En la ciudad de Manta hay bastante gente ilusionada con desarrollar negocios gestionando las necesidades de los turistas que de cuando en cuando llegan a esta urbe porteña, pero en el camino encuentran ciertas dificultades que no estaban en sus respectivos presupuestos. La mayor, sin duda, la ausencia de turistas de alto consumo. Tratan de superarla a su manera, pero el escollo es grande y requiere una acción combinada de instituciones públicas y privadas que creen las condiciones propicias para atraer y multiplicar las visitas turísticas que gasten lo suficiente a fin de mantener operativa y saludable a esta “industria sin chimeneas”.

Los que saben de estos menesteres aseguran que los turistas no solo se contentan con las típicas comodidades que ofrece el urbanismo, sino que -esencialmente- requieren atractivos que justifiquen el viaje y sus costos.

En estos tiempos de conservacionismo natural, derechos humanos al extremo, resultados por competencias e igualdades de todo tipo, es evidente que los turistas del mundo esperan que su destino de recreo sea amigable con el ambiente, dé buen trato a los trabajadores que prestan los servicios, consienta sin rechistar las diferencias -y hasta las excentricidades de algunos-, y, ¡no faltaba más!, tenga singulares entretenciones y lugares que deparen experiencias únicas de conocimiento y relax.

Pero, en esto, Manta debe trabajar mucho todavía para lograr semejante posicionamiento, que no se hace de la noche al día. Hay unas cuantas iniciativas tímidas en tal sentido, unas salidas de quienes fungen hoy como operadores turísticos, y otras de la Administración municipal, como eso de capacitar profesionalmente a una parte del personal que sirve en los hoteles y restaurantes; pero el abanico de servidores turísticos es mucho más amplio y diverso.
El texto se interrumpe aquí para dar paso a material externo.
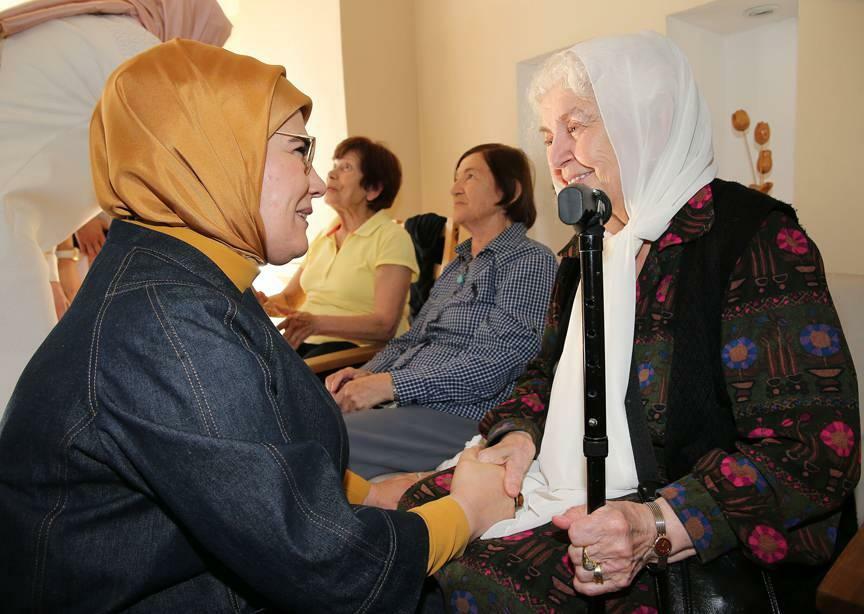 Emine Erdogan a célébré le 1er octobre la Journée des personnes âgées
Aparte de que hemos escuchado a visitantes decir que “En Manta, a más de la playa no hay otra cosa que ver ni adonde divertirse”.

De hecho, la mayoría de quienes visitan a Manta no son turistas (que viajan por placer) propiamente dichos, sino emigrantes que vienen a reencontrarse con familiares y gente que se moviliza por asuntos profesionales o de negocios. Y los que sí son turistas, compatriotas de otros territorios que vienen en ocasiones especiales (vacación estudiantil, Carnaval, fiestas tradicionales, etc.), en su mayor parte pasajeros de uno o dos días y con muy bajo presupuesto.

No por casualidad los representantes del sector turístico local se han acercado a dialogar con el nuevo alcalde, Agustín Intriago Quijano, haciéndole notar su situación y pidiéndole que el Gobierno municipal que dirige formalice políticas públicas cantonales capaces de darle un impulso sostenido al turismo. El mandatario municipal ha respondido positivamente, pero su acción está condicionada al parecer de los otros 11 miembros del Concejo Cantonal; y, sobre todo, a las políticas que en materia de turismo aplica el Gobierno nacional.

La gestión municipal también debe considerar los aspectos negativos del turismo para la convivencia local, un asunto que ya provoca fuertes polémicas en las ciudades del mundo donde el turismo ha alcanzado cotas de saturación. Porque el crecimiento turístico lleva implícito el encarecimiento de la vida en las ciudades y pueblos que lo acogen, además de otros problemas concernientes a vivienda, seguridad, sanidad e identidad cultural.